Come anticipato, Everything in Existence è la prima mostra personale di fuse* negli Stati Uniti e comprende alcune delle opere più significative tratte dalla produzione decennale dello studio artistico italiano, che ha come casa Modena. Questa mostra traccia una linea che attraversa e unisce le diverse fasi che hanno caratterizzato questo percorso con quattro installazioni multimediali che portano il pubblico a sperimentare diverse percezioni di realtà, nuovi punti di osservazione per sentirsi parte di qualcosa di più grande. Sentirsi parte di tutto ciò che esiste.

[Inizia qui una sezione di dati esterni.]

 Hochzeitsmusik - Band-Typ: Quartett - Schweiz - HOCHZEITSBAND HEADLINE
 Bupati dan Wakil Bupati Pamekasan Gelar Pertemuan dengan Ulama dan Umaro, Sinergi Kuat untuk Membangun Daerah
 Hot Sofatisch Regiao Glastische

Le opere presenti in mostra sono generate da software che elaborano dati in tempo reale, siano essi ricavati dall’interazione con lo spettatore (Snowfall), dai social networks (Amygdala), dal suono (Clepsydra) o dal software stesso (Multiverse).
fuse* crea così un’arte “viva” che si rinnova costantemente in modo sempre diverso stabilendo un rapporto di grande intimità con lo spettatore. Da una parte l’uomo, in tutta la sua vulnerabilità, e dall’altra una presenza misteriosa, estremamente vasta, incomprensibile e affascinante che spinge verso l’ignoto, oltre i limiti del mondo conosciuto.
Ciao Mattia. Parliamo della prima personale di fuse* in America, a Washington, DC. Come vi sentite e perché avete scelto proprio questa città?
Siamo molto contenti di avere un’opportunità simile ed è bello che accada proprio all’inizio dell’undicesimo anno di vita del nostro studio. Si tratta solo di date e numeri, ma per noi hanno un significato importante pensando a come abbiamo iniziato, senza aspettative ma allo stesso tempo senza porci dei limiti, mossi semplicemente dalla volontà di fare quello che amiamo, farlo onestamente e condividerlo con più persone possibili. Veniamo da 10 anni molto intensi e meravigliosi. Consideriamo questa mostra non come un punto di arrivo ma come nuovo punto di partenza e non vediamo l’ora di scoprire cosa ci aspetterà nei prossimi 10.
La mostra sarà a Washington in uno spazio espositivo che si chiama Artechouse, relativamente nuovo ma che ha già ospitato diverse mostre di studi e artisti che lavorano all’intersezione tra arte e ricerca tecnologica. Hanno un progetto molto interessante che ci ha affascinato a che ci è subito sembrato in armonia con la nostra visione. Crediamo che da qui potranno nascere ulteriori collaborazioni nei prossimi anni visto che è in programma l’apertura di altre sedi Artechouse in diverse città Americane tra cui New York.
Parliamo di una mostra che ha poco a che fare con la classica galleria e le opere disposte lungo un percorso. Forse sarebbe meglio parlare di un’esperienza da vivere: come si struttura Everything in Existence e come è stata concepita?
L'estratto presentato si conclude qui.